> **To do**
Check each line of the listing for the string "with". Copy those where it appears.

> **Listed entries**
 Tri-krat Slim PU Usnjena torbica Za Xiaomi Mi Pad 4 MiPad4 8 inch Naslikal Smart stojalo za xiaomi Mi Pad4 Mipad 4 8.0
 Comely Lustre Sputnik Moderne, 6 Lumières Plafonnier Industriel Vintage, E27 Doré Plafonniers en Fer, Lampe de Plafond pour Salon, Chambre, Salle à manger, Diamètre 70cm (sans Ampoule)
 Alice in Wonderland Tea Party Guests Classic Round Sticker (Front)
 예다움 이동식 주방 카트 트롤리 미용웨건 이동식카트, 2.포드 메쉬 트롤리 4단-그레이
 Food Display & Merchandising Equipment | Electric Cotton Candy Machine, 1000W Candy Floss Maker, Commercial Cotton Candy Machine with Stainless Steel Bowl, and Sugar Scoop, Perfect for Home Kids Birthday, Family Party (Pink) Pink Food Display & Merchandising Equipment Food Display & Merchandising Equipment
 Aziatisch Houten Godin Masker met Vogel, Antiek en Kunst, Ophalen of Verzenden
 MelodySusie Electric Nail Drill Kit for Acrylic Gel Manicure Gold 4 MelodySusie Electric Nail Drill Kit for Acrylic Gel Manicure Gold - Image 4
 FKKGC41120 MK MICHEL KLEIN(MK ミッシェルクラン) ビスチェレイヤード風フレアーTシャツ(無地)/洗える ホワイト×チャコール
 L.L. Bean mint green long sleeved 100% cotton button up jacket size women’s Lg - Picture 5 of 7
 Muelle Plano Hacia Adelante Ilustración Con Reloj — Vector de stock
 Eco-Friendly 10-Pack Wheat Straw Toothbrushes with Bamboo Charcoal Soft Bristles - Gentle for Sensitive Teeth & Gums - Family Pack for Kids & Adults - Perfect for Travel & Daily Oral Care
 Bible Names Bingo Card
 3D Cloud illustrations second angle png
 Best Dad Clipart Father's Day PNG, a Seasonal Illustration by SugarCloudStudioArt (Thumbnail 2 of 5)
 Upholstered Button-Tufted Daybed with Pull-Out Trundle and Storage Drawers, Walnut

> **Output below**
 Food Display & Merchandising Equipment | Electric Cotton Candy Machine, 1000W Candy Floss Maker, Commercial Cotton Candy Machine with Stainless Steel Bowl, and Sugar Scoop, Perfect for Home Kids Birthday, Family Party (Pink) Pink Food Display & Merchandising Equipment Food Display & Merchandising Equipment
 Eco-Friendly 10-Pack Wheat Straw Toothbrushes with Bamboo Charcoal Soft Bristles - Gentle for Sensitive Teeth & Gums - Family Pack for Kids & Adults - Perfect for Travel & Daily Oral Care
 Upholstered Button-Tufted Daybed with Pull-Out Trundle and Storage Drawers, Walnut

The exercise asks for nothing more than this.